§ **Task description**
Word for word, set down the entries that follow.

§ **Recorded data**
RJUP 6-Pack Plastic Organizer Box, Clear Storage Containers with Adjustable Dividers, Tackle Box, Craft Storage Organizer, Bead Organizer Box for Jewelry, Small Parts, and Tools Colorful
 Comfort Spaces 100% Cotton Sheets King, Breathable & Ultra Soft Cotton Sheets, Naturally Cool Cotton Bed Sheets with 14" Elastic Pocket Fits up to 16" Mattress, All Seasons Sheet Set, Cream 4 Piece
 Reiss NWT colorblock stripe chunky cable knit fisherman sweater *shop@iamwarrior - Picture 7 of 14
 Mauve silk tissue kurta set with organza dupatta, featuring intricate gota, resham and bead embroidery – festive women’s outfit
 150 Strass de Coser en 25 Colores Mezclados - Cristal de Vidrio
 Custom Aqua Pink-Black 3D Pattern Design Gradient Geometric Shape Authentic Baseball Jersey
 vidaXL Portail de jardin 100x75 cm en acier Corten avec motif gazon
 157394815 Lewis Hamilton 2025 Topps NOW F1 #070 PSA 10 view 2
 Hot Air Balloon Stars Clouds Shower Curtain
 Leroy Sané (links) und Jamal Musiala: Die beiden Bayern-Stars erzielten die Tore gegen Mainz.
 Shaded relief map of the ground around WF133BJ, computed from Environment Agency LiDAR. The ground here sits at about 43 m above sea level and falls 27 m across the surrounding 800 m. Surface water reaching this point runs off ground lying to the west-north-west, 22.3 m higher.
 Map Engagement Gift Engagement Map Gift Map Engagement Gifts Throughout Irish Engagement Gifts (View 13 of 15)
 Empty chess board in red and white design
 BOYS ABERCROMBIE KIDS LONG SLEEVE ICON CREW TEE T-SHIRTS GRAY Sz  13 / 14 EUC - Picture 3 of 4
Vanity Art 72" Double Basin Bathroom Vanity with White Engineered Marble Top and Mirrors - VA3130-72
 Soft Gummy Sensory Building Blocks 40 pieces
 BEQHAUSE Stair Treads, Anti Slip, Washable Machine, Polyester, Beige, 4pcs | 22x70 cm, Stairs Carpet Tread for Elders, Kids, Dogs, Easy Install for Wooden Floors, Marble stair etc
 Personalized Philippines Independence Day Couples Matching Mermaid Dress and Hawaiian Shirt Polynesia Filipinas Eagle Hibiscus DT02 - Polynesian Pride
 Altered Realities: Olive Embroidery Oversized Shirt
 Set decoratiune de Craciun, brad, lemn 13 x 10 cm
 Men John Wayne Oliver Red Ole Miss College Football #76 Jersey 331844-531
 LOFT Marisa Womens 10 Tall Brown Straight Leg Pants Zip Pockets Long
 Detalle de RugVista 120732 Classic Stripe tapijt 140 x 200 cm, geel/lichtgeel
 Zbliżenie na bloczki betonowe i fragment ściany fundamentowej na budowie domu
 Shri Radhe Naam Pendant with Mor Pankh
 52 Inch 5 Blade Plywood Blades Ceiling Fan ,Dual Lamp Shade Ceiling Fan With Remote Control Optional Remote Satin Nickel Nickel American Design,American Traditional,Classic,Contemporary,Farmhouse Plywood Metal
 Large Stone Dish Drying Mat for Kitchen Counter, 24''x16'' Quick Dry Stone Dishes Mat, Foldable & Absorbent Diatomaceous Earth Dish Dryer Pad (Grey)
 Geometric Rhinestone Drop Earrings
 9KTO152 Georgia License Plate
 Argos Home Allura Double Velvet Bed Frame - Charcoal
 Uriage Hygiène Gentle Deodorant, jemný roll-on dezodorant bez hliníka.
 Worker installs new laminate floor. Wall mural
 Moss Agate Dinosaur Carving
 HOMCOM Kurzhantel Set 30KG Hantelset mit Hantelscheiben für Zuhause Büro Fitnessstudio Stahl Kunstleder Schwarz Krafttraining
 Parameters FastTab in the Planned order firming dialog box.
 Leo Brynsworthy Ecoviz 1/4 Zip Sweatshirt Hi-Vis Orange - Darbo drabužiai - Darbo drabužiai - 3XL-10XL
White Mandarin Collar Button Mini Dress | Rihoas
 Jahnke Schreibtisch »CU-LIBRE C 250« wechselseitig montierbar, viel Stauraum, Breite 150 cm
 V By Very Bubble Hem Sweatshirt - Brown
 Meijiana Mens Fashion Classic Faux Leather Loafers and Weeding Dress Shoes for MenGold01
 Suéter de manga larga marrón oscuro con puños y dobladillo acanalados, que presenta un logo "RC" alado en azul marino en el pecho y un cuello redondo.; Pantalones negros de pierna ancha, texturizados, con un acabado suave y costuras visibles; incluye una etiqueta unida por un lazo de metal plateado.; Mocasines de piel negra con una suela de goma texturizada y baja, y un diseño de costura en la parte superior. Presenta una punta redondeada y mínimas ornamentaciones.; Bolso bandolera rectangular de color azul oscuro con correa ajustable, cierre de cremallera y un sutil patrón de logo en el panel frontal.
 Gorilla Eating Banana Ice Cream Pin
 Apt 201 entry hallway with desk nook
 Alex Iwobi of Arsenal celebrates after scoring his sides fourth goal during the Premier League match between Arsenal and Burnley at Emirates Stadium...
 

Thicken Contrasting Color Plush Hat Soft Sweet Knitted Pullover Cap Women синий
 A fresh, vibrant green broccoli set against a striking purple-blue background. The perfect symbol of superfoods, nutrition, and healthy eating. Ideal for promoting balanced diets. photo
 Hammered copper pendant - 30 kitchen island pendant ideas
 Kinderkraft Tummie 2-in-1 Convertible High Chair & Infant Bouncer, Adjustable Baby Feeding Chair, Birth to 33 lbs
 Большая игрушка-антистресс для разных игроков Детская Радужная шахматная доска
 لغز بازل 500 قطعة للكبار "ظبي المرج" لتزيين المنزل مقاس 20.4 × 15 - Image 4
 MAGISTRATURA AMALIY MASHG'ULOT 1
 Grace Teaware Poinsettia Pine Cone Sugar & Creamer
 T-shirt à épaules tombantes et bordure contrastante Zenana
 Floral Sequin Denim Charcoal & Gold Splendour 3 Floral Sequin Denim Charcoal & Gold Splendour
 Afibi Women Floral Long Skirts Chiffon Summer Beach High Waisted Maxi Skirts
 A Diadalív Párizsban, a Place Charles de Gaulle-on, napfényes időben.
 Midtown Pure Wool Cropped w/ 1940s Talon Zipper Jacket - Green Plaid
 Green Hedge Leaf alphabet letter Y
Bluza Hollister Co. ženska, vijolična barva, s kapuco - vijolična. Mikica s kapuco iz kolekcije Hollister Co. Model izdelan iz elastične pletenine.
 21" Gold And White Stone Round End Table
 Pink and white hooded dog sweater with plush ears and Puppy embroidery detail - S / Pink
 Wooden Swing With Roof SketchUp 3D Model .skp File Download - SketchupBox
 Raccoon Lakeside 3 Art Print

§ **Problem solution**
RJUP 6-Pack Plastic Organizer Box, Clear Storage Containers with Adjustable Dividers, Tackle Box, Craft Storage Organizer, Bead Organizer Box for Jewelry, Small Parts, and Tools Colorful
 Comfort Spaces 100% Cotton Sheets King, Breathable & Ultra Soft Cotton Sheets, Naturally Cool Cotton Bed Sheets with 14" Elastic Pocket Fits up to 16" Mattress, All Seasons Sheet Set, Cream 4 Piece
 Reiss NWT colorblock stripe chunky cable knit fisherman sweater *shop@iamwarrior - Picture 7 of 14
 Mauve silk tissue kurta set with organza dupatta, featuring intricate gota, resham and bead embroidery – festive women’s outfit
 150 Strass de Coser en 25 Colores Mezclados - Cristal de Vidrio
 Custom Aqua Pink-Black 3D Pattern Design Gradient Geometric Shape Authentic Baseball Jersey
 vidaXL Portail de jardin 100x75 cm en acier Corten avec motif gazon
 157394815 Lewis Hamilton 2025 Topps NOW F1 #070 PSA 10 view 2
 Hot Air Balloon Stars Clouds Shower Curtain
 Leroy Sané (links) und Jamal Musiala: Die beiden Bayern-Stars erzielten die Tore gegen Mainz.
 Shaded relief map of the ground around WF133BJ, computed from Environment Agency LiDAR. The ground here sits at about 43 m above sea level and falls 27 m across the surrounding 800 m. Surface water reaching this point runs off ground lying to the west-north-west, 22.3 m higher.
 Map Engagement Gift Engagement Map Gift Map Engagement Gifts Throughout Irish Engagement Gifts (View 13 of 15)
 Empty chess board in red and white design
 BOYS ABERCROMBIE KIDS LONG SLEEVE ICON CREW TEE T-SHIRTS GRAY Sz  13 / 14 EUC - Picture 3 of 4
Vanity Art 72" Double Basin Bathroom Vanity with White Engineered Marble Top and Mirrors - VA3130-72
 Soft Gummy Sensory Building Blocks 40 pieces
 BEQHAUSE Stair Treads, Anti Slip, Washable Machine, Polyester, Beige, 4pcs | 22x70 cm, Stairs Carpet Tread for Elders, Kids, Dogs, Easy Install for Wooden Floors, Marble stair etc
 Personalized Philippines Independence Day Couples Matching Mermaid Dress and Hawaiian Shirt Polynesia Filipinas Eagle Hibiscus DT02 - Polynesian Pride
 Altered Realities: Olive Embroidery Oversized Shirt
 Set decoratiune de Craciun, brad, lemn 13 x 10 cm
 Men John Wayne Oliver Red Ole Miss College Football #76 Jersey 331844-531
 LOFT Marisa Womens 10 Tall Brown Straight Leg Pants Zip Pockets Long
 Detalle de RugVista 120732 Classic Stripe tapijt 140 x 200 cm, geel/lichtgeel
 Zbliżenie na bloczki betonowe i fragment ściany fundamentowej na budowie domu
 Shri Radhe Naam Pendant with Mor Pankh
 52 Inch 5 Blade Plywood Blades Ceiling Fan ,Dual Lamp Shade Ceiling Fan With Remote Control Optional Remote Satin Nickel Nickel American Design,American Traditional,Classic,Contemporary,Farmhouse Plywood Metal
 Large Stone Dish Drying Mat for Kitchen Counter, 24''x16'' Quick Dry Stone Dishes Mat, Foldable & Absorbent Diatomaceous Earth Dish Dryer Pad (Grey)
 Geometric Rhinestone Drop Earrings
 9KTO152 Georgia License Plate
 Argos Home Allura Double Velvet Bed Frame - Charcoal
 Uriage Hygiène Gentle Deodorant, jemný roll-on dezodorant bez hliníka.
 Worker installs new laminate floor. Wall mural
 Moss Agate Dinosaur Carving
 HOMCOM Kurzhantel Set 30KG Hantelset mit Hantelscheiben für Zuhause Büro Fitnessstudio Stahl Kunstleder Schwarz Krafttraining
 Parameters FastTab in the Planned order firming dialog box.
 Leo Brynsworthy Ecoviz 1/4 Zip Sweatshirt Hi-Vis Orange - Darbo drabužiai - Darbo drabužiai - 3XL-10XL
White Mandarin Collar Button Mini Dress | Rihoas
 Jahnke Schreibtisch »CU-LIBRE C 250« wechselseitig montierbar, viel Stauraum, Breite 150 cm
 V By Very Bubble Hem Sweatshirt - Brown
 Meijiana Mens Fashion Classic Faux Leather Loafers and Weeding Dress Shoes for MenGold01
 Suéter de manga larga marrón oscuro con puños y dobladillo acanalados, que presenta un logo "RC" alado en azul marino en el pecho y un cuello redondo.; Pantalones negros de pierna ancha, texturizados, con un acabado suave y costuras visibles; incluye una etiqueta unida por un lazo de metal plateado.; Mocasines de piel negra con una suela de goma texturizada y baja, y un diseño de costura en la parte superior. Presenta una punta redondeada y mínimas ornamentaciones.; Bolso bandolera rectangular de color azul oscuro con correa ajustable, cierre de cremallera y un sutil patrón de logo en el panel frontal.
 Gorilla Eating Banana Ice Cream Pin
 Apt 201 entry hallway with desk nook
 Alex Iwobi of Arsenal celebrates after scoring his sides fourth goal during the Premier League match between Arsenal and Burnley at Emirates Stadium...
 

Thicken Contrasting Color Plush Hat Soft Sweet Knitted Pullover Cap Women синий
 A fresh, vibrant green broccoli set against a striking purple-blue background. The perfect symbol of superfoods, nutrition, and healthy eating. Ideal for promoting balanced diets. photo
 Hammered copper pendant - 30 kitchen island pendant ideas
 Kinderkraft Tummie 2-in-1 Convertible High Chair & Infant Bouncer, Adjustable Baby Feeding Chair, Birth to 33 lbs
 Большая игрушка-антистресс для разных игроков Детская Радужная шахматная доска
 لغز بازل 500 قطعة للكبار "ظبي المرج" لتزيين المنزل مقاس 20.4 × 15 - Image 4
 MAGISTRATURA AMALIY MASHG'ULOT 1
 Grace Teaware Poinsettia Pine Cone Sugar & Creamer
 T-shirt à épaules tombantes et bordure contrastante Zenana
 Floral Sequin Denim Charcoal & Gold Splendour 3 Floral Sequin Denim Charcoal & Gold Splendour
 Afibi Women Floral Long Skirts Chiffon Summer Beach High Waisted Maxi Skirts
 A Diadalív Párizsban, a Place Charles de Gaulle-on, napfényes időben.
 Midtown Pure Wool Cropped w/ 1940s Talon Zipper Jacket - Green Plaid
 Green Hedge Leaf alphabet letter Y
Bluza Hollister Co. ženska, vijolična barva, s kapuco - vijolična. Mikica s kapuco iz kolekcije Hollister Co. Model izdelan iz elastične pletenine.
 21" Gold And White Stone Round End Table
 Pink and white hooded dog sweater with plush ears and Puppy embroidery detail - S / Pink
 Wooden Swing With Roof SketchUp 3D Model .skp File Download - SketchupBox
 Raccoon Lakeside 3 Art Print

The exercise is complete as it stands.